Sustentabilidad consiste en un equilibro, un balance y respeto entre el ser humano y su entorno. Y es justo eso de lo que carecemos. Tenemos un deber, una obligación por el solo hecho de habitar este planeta. No podemos recibir ni quitar sin dar de vuelta. Debemos ser capaces de desarrollarnos ya sea a nivel individual como a nivel global, de la mano con la naturaleza de la cual formamos parte, respetando su espacio y curso. No es extraño ver derribar un árbol milenario y hermoso, para tener más espacio para construir una bodega para guardar leña. Vivimos en una paradoja que nosotros mismos como hombres nos hemos ido creando.
Pero es fácil no escuchar este llamado de responsabilidad, y hay una cortina que nos cubre los ojos de ver lo que en verdad está sucediendo. Tenemos una explotación ridículamente violenta de peces en nuestro mar, y la legislación actual restringe a los pescadores locales, mientras que las grandes industrias pesqueras, nacionales y extranjeras, extraen y explotan nuestros recursos marítimos sin respetar el curso natural de regeneración. Cada día instituciones reemplazan los anuncios en papel más mínimos como por ejemplo el horario de atención, por pantallas con consumo energético diario sin necesidad aparente. Y si ponemos atención, a las horas en que más vehículos transitan las calles, podremos ver que nueve de cada diez autos son ocupados por sólo una persona, miles de autos que causan congestión, estrés, contaminación ambiental y acústica, ocupando espacio. Más allá de la independencia que te puede dar usar tu auto, hay una concepción errónea en nuestra sociedad actual en la cual el cuidado del medio ambiente no tiene peso en nuestro diario vivir. ¿No sería más responsable compartir el viaje? ¿No sería más solidario con las personas y el medio ambiente llevar a tu compañero de universidad o de trabajo?

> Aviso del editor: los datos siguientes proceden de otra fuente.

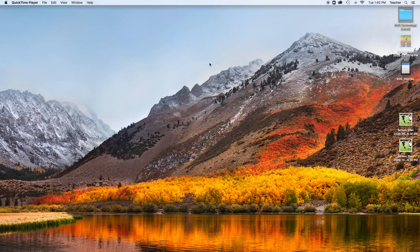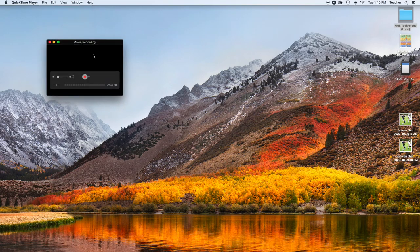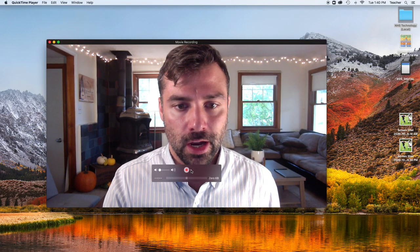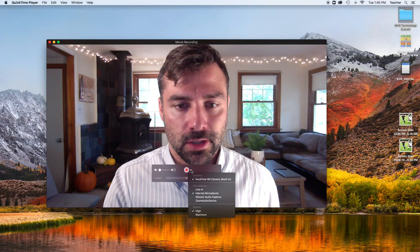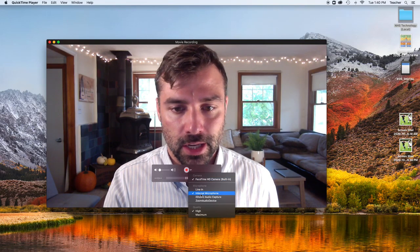To record your screen and your webcam at the same time for Blue and Gold games, open QuickTime Player, go to File, New Screen Recording — I'm actually recording right now — then go to New Movie Recording. Make sure that on both of these, the drop-down arrow says Internal Microphone.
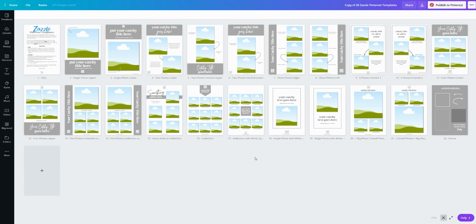They're actually really great for any square images. I love to use these to repurpose Instagram posts or use square images from other print-on-demand sites like Redbubble or Society6. I'll put a link below to where you can get these because right now they're half off and they will revolutionize your Pinterest game.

Se puede decir que las repercusiones que tiene el descuido al medio ambiente las vemos a largo plazo, por lo que dejar el agua corriendo mientras nos cepillamos los dientes o lavamos la loza, usar una cantidad innecesaria de papel para secarnos las manos, dejar la luz o artefactos electrónicos prendidos mientras no los ocupamos parece no tener mayor impacto, o sea, hay mucha agua en el mar, ¿cierto? Pero no hay peor ciego que el que no quiere ver, y es hora de darnos cuenta que ya estamos viviendo las consecuencias ambientales de nuestros antepasados, y que nos toca hoy la responsabilidad de no dejar que este empeore y crear una conciencia y una mentalidad respetuosa del medio ambiente.
Nos corresponde ser sustentables porque como hombres somos responsables del daño producido. Nos corresponde serlo en nuestro diario vivir, tanto en acciones mínimas como desenchufar el cargador del celular mientras no lo ocupamos, tanto en grandes actos como decidir no ser consumidor de una empresa o industria que notoriamente dañe el medio ambiente. Relacionémonos con nuestro entorno con equilibrio y con el respeto que se merece. Informémonos, tomemos conciencia y actuemos.